Asked by presiding officer Judge Siraj Desai why the crew did not respond quickly enough, De Kock suggested that it was a “mental thing”.
“It’s like you don’t believe and don’t react on it,” said De Kock.
Led by state advocate Willem Tarantal, De Kock said there was a sharp gradient relating to cockpit management, where it seemed the co-pilot did not double-check and challenge the pilot-in-command, Meyer.
Meyer was vastly experienced, having flown more than 20 000 hours, while Noakes had less than 2 000 hours under his belt.
De Kock said the aircraft, then managed by Airquarius Aviation, had several defects, chief among them a defective horizontal situation indicator, as well as a directional gyroscope with two unconnected wires.
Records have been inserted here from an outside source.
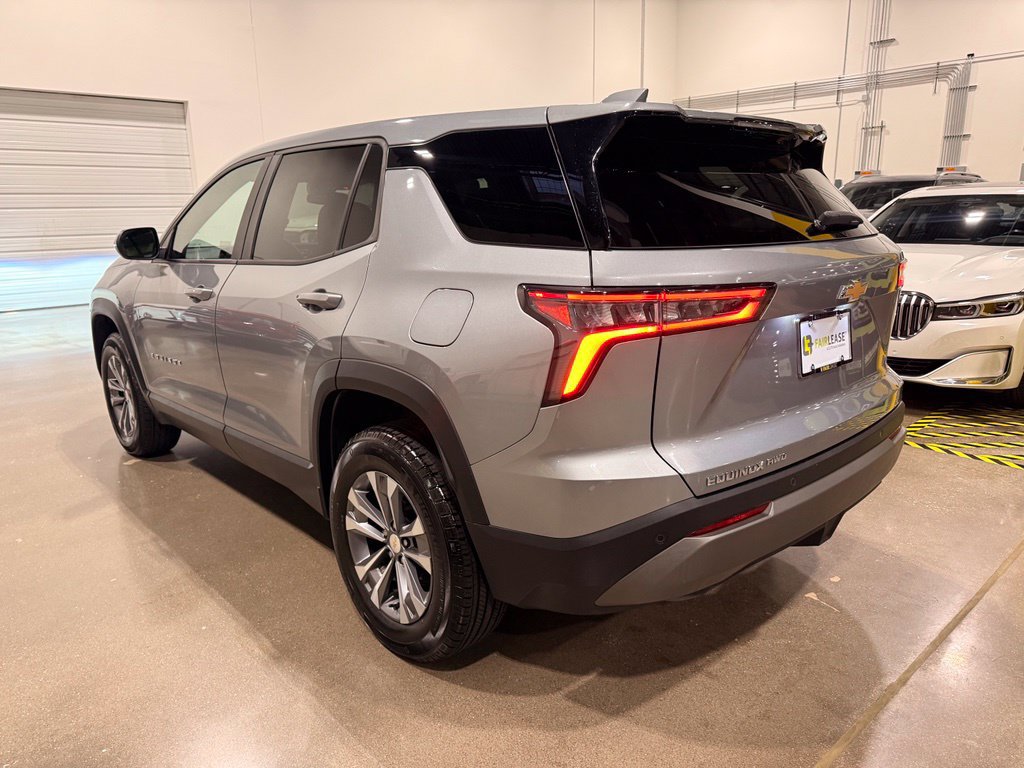 Used 2026 Chevrolet Equinox LT AWD/4WD image 7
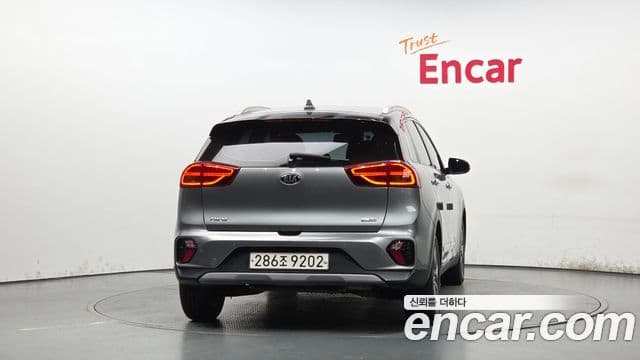 Kia The New Niro 3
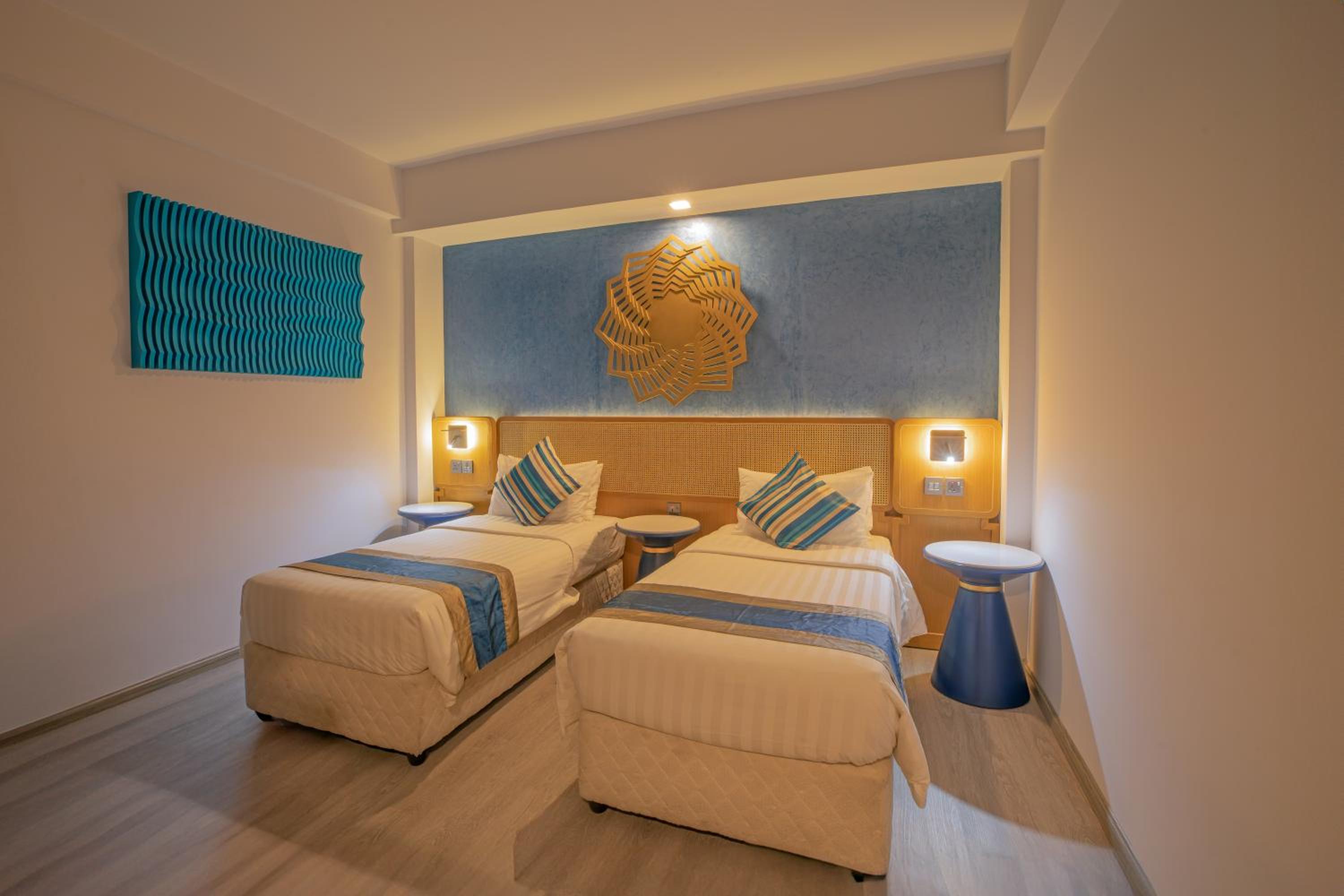 Standard Suite - Photo 7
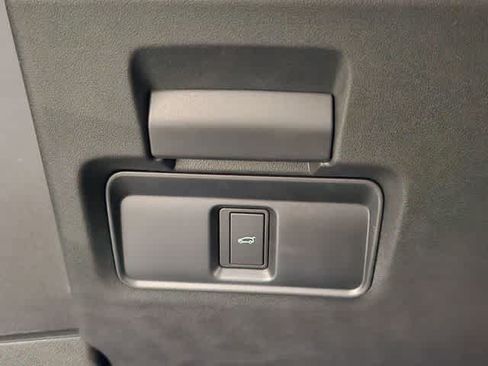 Used 2026 Land Rover Range Rover Evoque S AWD/4WD image 22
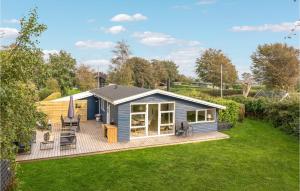 Nice Home In Juelsminde With Kitchen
The Civil Aviation Authority’s final accident report mentions that the aircraft was “technically unairworthy”.
De Kock, however, emphasised on Monday there was no indication that the pilots received incorrect information from their instruments.
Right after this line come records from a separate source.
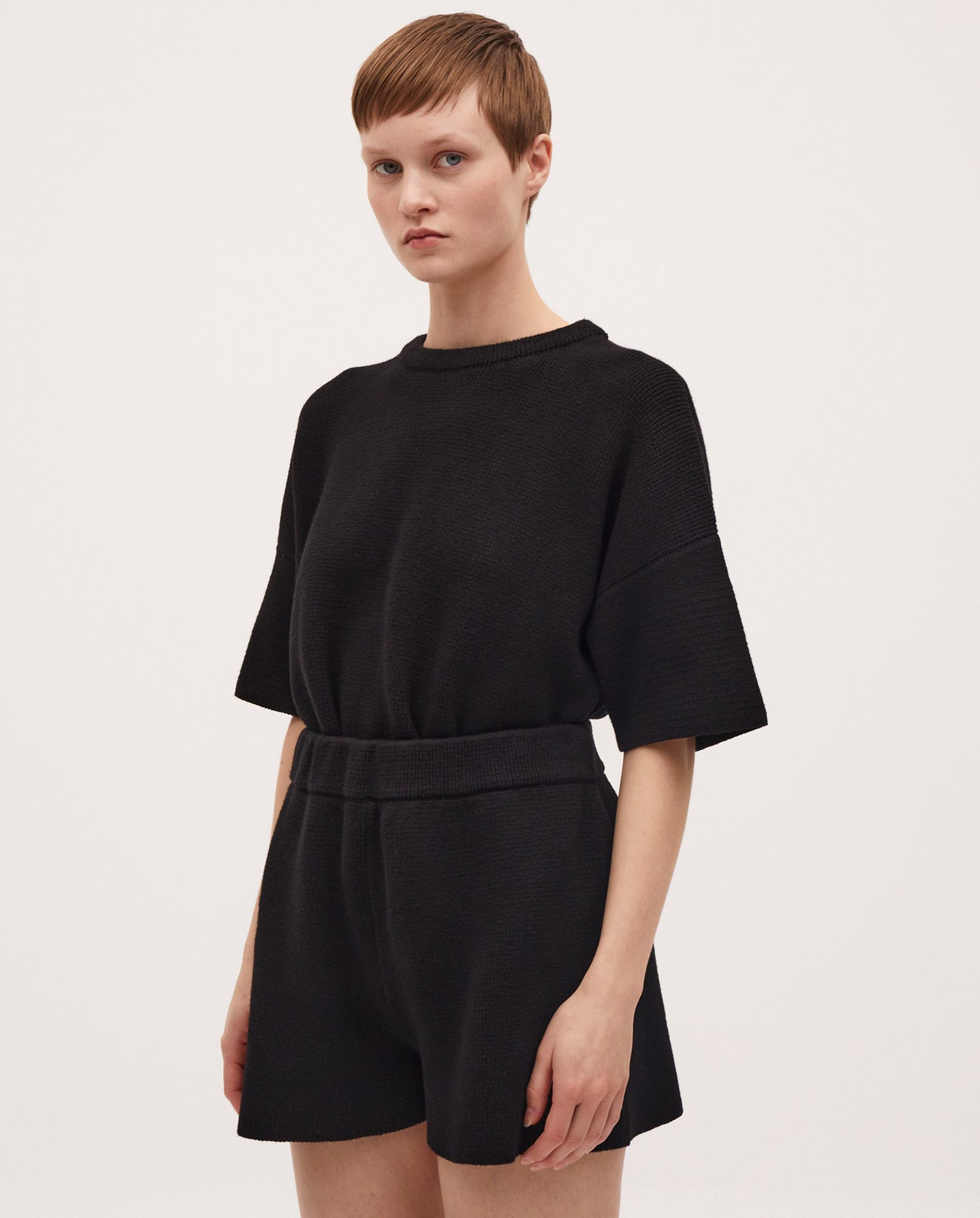 Black Babaà No35 women's shorts with a relaxed fit, featuring a comfortable waistband and stylish design.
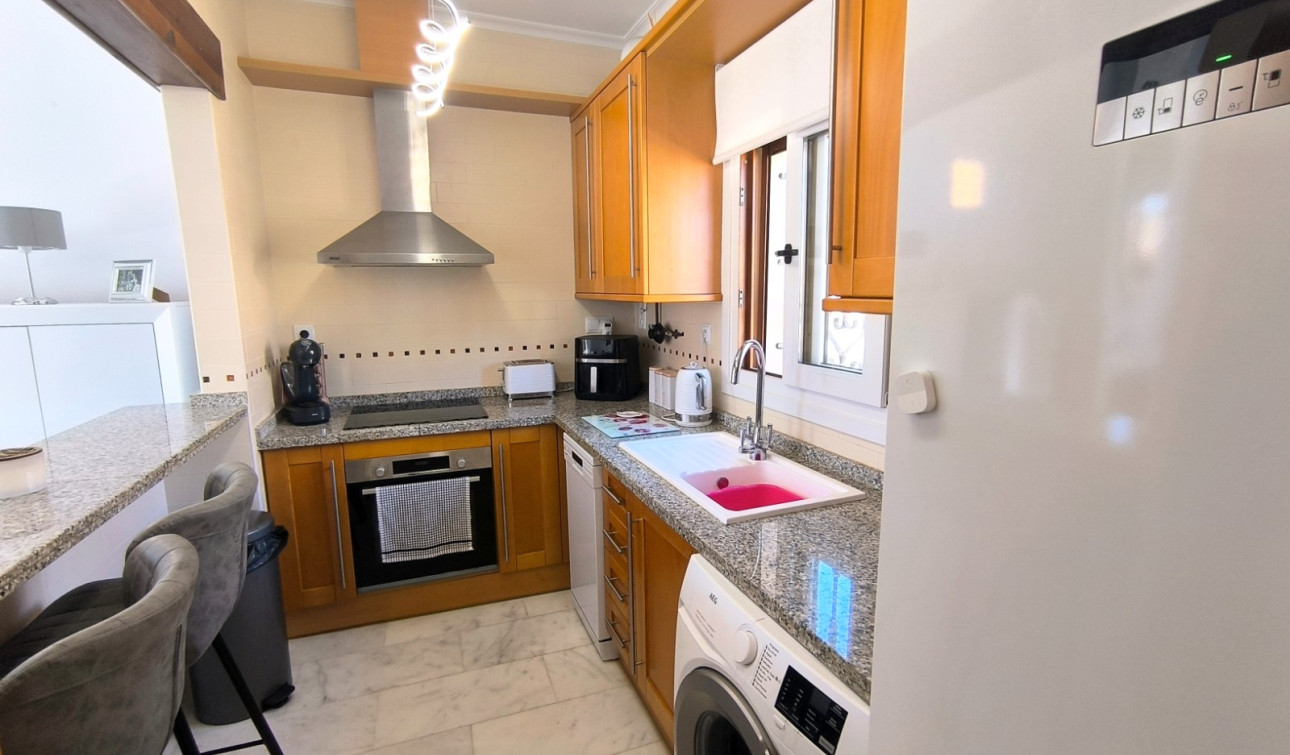 Resale - Apartment / Flat - Algorfa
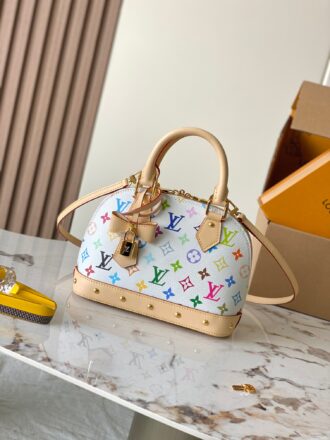 This Alma BB handbag Model: M13078 Baicai 163C chip version Material: A grade all-steel hardware, imported original fabric Packaging: Full set of original duty-free MB packaging Size: 17.5 x 11.5 x 23.5 cm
Also at the George aerodrome, the instrument landing system, a navigational aid to help guide aircraft safely to the ground, was not working properly.
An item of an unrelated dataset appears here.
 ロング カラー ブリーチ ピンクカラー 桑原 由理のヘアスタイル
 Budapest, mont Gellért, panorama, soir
None of the families of the deceased were at Monday’s proceedings before Desai and two assessors, Bruce Hyde and Hendrik Venter.
Earlier, an attempt by Tarantal to bar the public and media from the inquest failed.
“The families, I understand, want to get this matter finalised as soon as possible ... To subject the families of the deceased to still further media coverage in this regard is not in the interests of justice,” said Tarantal.
Desai, however, noted that inquest hearings were as a matter of course open proceedings.
He asked Tarantal if his motivation was based on a presupposition that the media would report insensitively on the proceedings, and Tarantal said it was.
Desai questioned representatives of the South African Broadcasting Corporation and e.tv, whose cameras were set up in the courtroom, and then said he had satisfied himself that they would handle the inquest sensitively.
“I order that the proceedings may be televised,” Desai said.
Desai reserved judgement on a related application by print media for access to crash photographs, including images of the bodies of the dead men, saying he would deal with that when the photographs were handed in as evidence.
The inquest continues on Tuesday.—Sapa.